Error-correcting codes

Error correcting codes (ECCs) are used in computer and communication systems to improve resiliency to bit flips caused by permanent hardware faults or transient conditions, such as neutron particles from cosmic rays, known generally as soft errors. This note describes the principles of Hamming codes that underpin ECC schemes, ECC codes are constructed, focusing on single-error correction and double error detection, and how they are implemented.

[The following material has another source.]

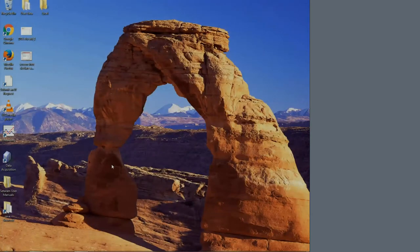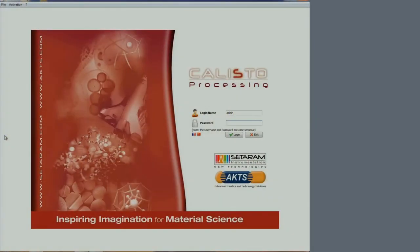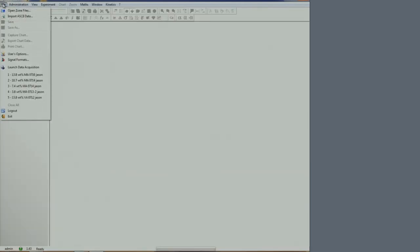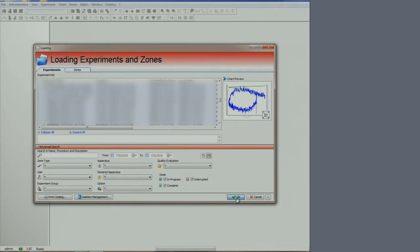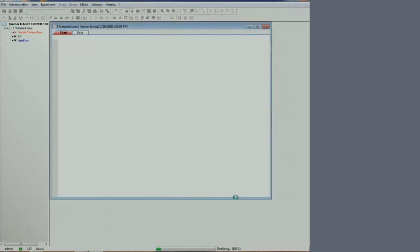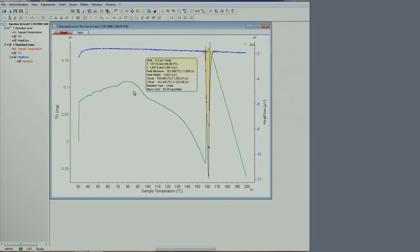Once you have collected the data, you can shrink the window and start the processing step. Open your zone file from the list of files. We have previously analyzed this dataset, so some processing already appears when opening the file. On the plot, in green is the mass, in blue is the heat flow.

ECCs work by adding additional redundant bits to be stored or transported with data. The bits are encoded as a function of the data in such a way that it is possible to detect erroneous bit flips and to correct them. The ratio of the number of data bits to the total number of bits encoded is called the code rate, with a rate of 1 being a an impossible encoding with no overhead.

Simple ECCs

Parity coding adds a single bit that indicates whether the number of set bits in the data is odd or even. When the data and parity bit is accessed or received, the parity can be recomputed and compared. This is sufficient to detect any odd number of bit flips but not to correct them. For applications where the error rate is low, so that only single bit flips are likely and double bit flips are rare enough to be ignored, parity error detection is sufficient and desirable due to it’s low overhead (just a single bit) and simple implementation.

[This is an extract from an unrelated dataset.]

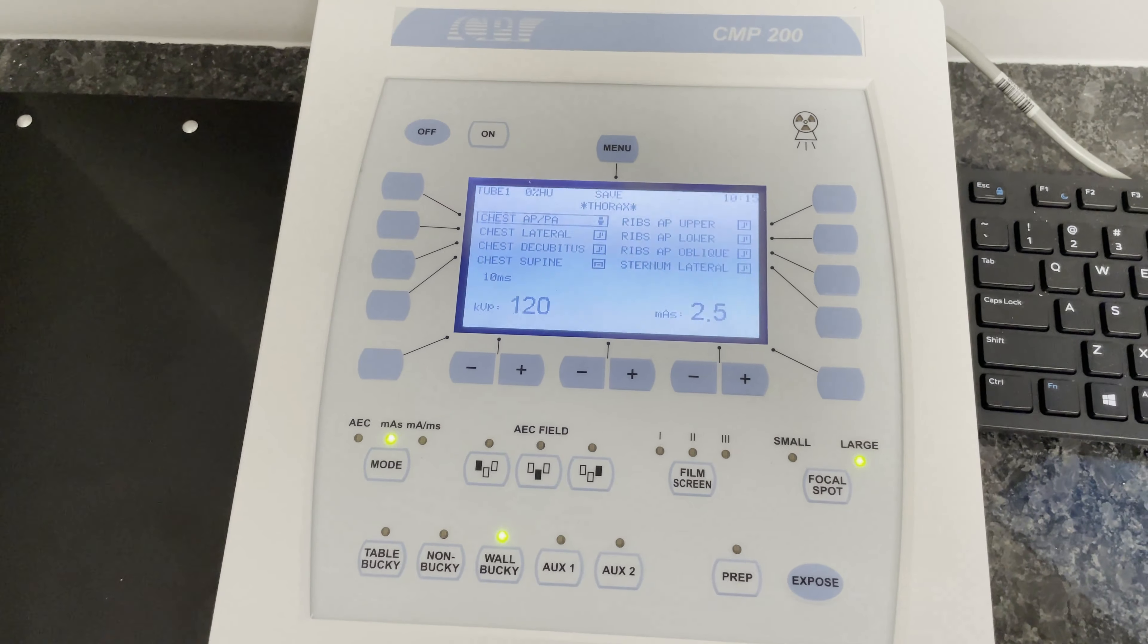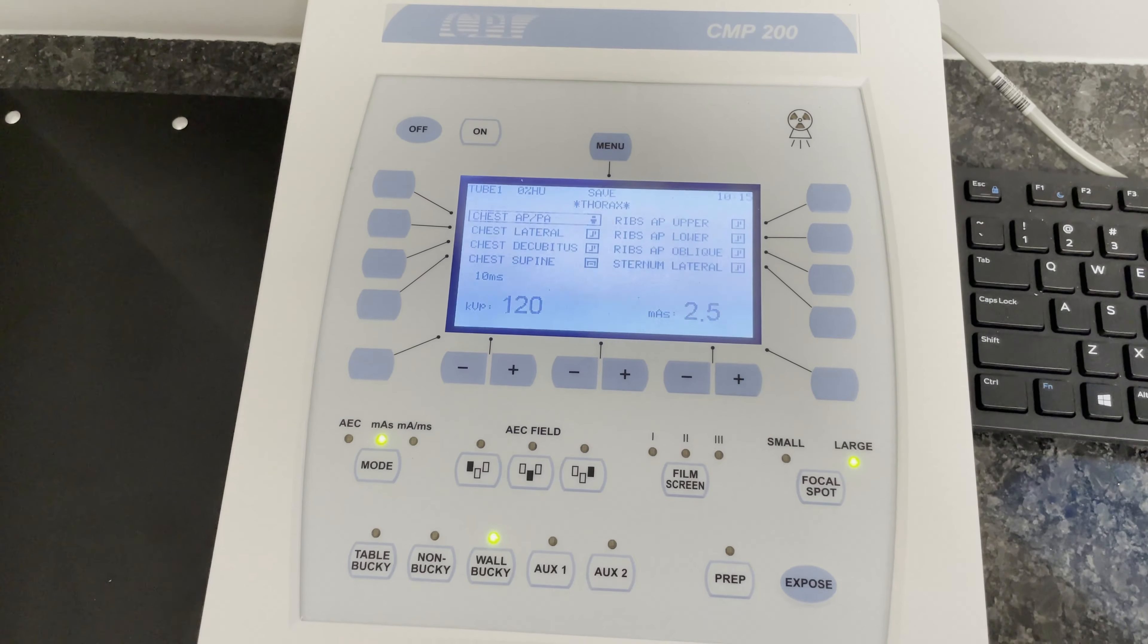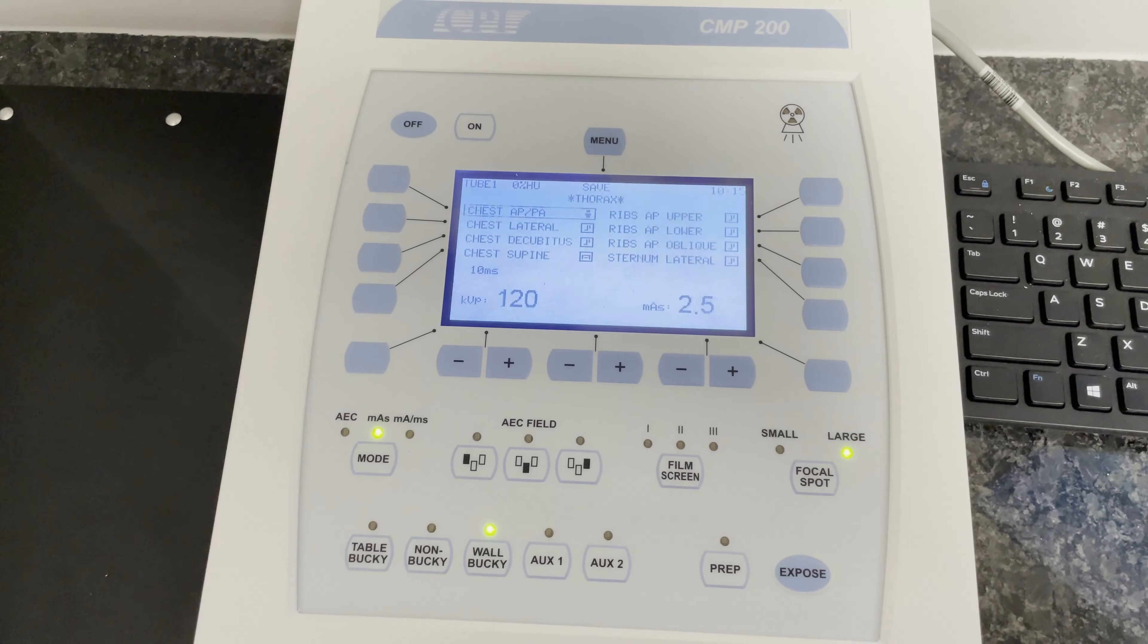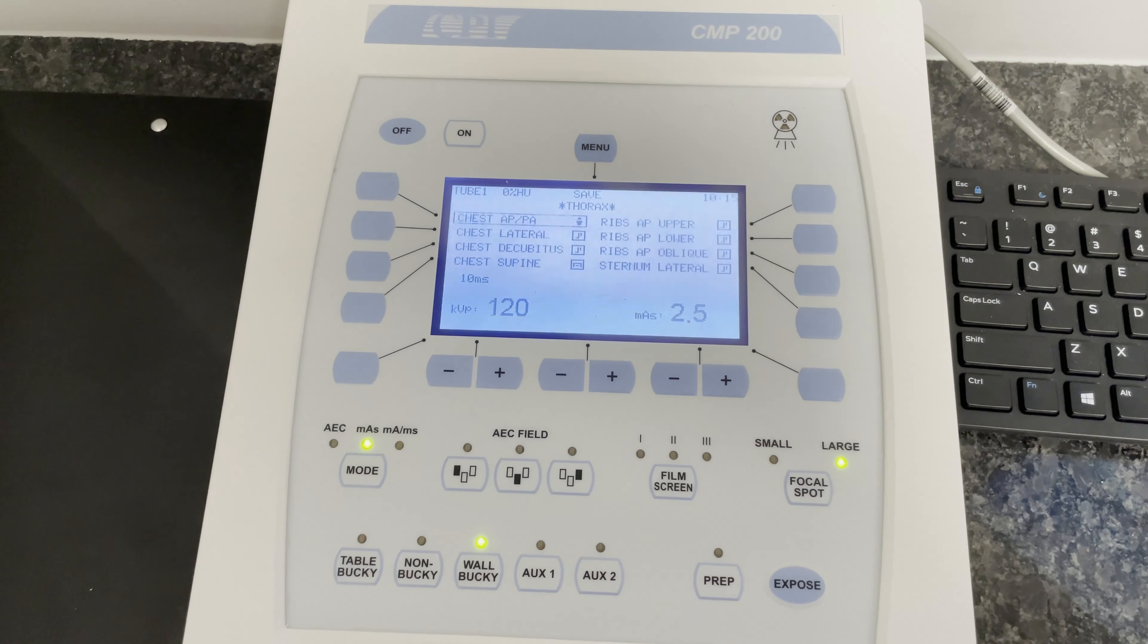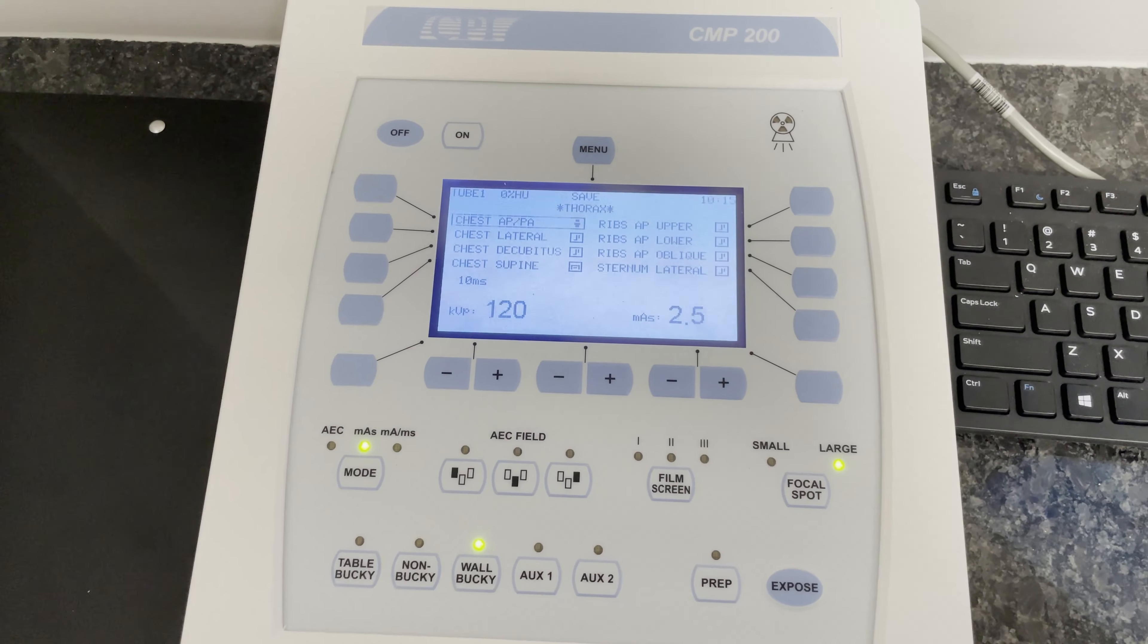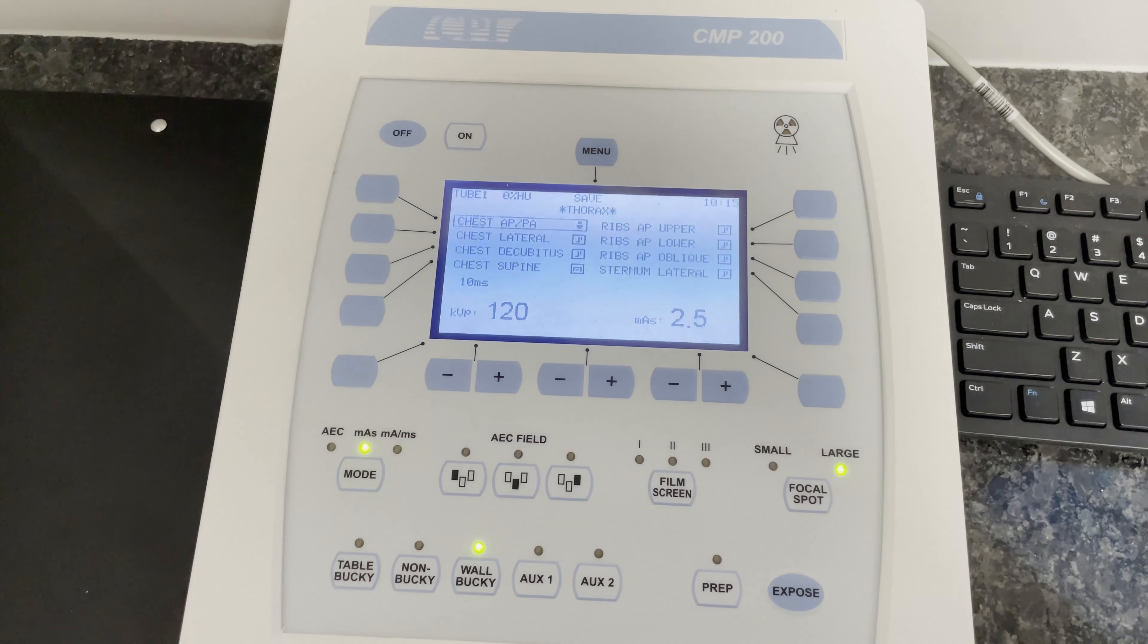At that point, the x-ray will be taken and you'll be able to see the digital image on the software within five to eight seconds.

Repetition coding simply repeats each data bit a fixed number of times. When the encoded data is received, if each of the repeated bits are non identical, an error has occurred. With a repetition of two, single-bit errors can be detected but not corrected. With a repetition of three, single bit flips can be corrected by determining each data bit as the majority value in each triple, but double bit flips are undetectable and will cause an erroneous correction. Repetition codes are simple to implement but have a high overhead.

Hamming codes

Hamming codes are an efficient family of codes using additional redundant bits to detect up to two-bit errors and correct single-bit errors (technically, they are linear error-correcting codes). In them, check bits are added to data bits to form a codeword, and the codeword is valid only when the check bits have been generated from the data bits, according to the Hamming code. The check bits are chosen so that there is a fixed Hamming distance between any two valid codewords (the number of positions in which bits differ).

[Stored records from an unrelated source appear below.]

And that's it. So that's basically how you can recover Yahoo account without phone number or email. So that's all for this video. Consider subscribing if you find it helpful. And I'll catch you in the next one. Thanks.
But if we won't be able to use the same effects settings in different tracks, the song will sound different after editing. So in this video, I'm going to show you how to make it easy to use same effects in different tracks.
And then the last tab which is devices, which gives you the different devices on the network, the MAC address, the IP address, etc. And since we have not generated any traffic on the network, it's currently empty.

When valid codewords have a Hamming distance of two, any single bit flip will invalidate the word and allow the error to be detected. For example, the valid codewords 00 and 11 are separated for single bit flips by the invalid codewords 01 and 10. If either of the invalid words is obtained an error has occurred, but neither can be associated with a valid codeword. Two bit flips are undetectable since they always map to a valid codeword. Note that parity encoding is an example of a distance-two Hamming code.

00 < Valid codeword
|
10 < Invalid codeword (obtained by exactly 1 bit flip)
|
11 < Valid codeword

With Hamming distance three, any single bit flip in a valid codeword makes an invalid one, and the invalid codeword is Hamming distance one from exactly one valid codeword. Using this, the valid codeword can be restored, enabling single error correction. Any two bit flips map to an invalid codeword, which would cause correction to the wrong valid codeword.

000 < Valid codeword
 |
001
 |
011
 |
111 < Valid codeword

With Hamming distance four, two bit flips moves any valid codeword Hamming distance two from exactly two valid codewords, allowing detection of two flips but not correction. Single bit flips can be corrected as they were for distance three. Distance-four codes are widely used in computing, where is it often the case where single errors are frequent, double errors are rare and triple errors occur so rarely they can be ignored. These codes are referred to as ‘SECDED ECC’ (single error correction, double error detection).

0000 < Valid codeword
 |
0001
 |
0011 < Two bit flips from either codeword.
 |
0111
 |
1111 < Valid codeword

Double errors can be corrected with a distance-five code, as well as enabling the detection of triple errors. In general, if a Hamming code can detect $d$ errors, it must have a minimum distance of $d+1$ so there is no way $d$ errors can change one valid codeword into another one. If a code can correct $d$ errors, it must have a minimum distance of $2d+1$ so that the originating code is always the closest one. The following table summarises Hamming codes.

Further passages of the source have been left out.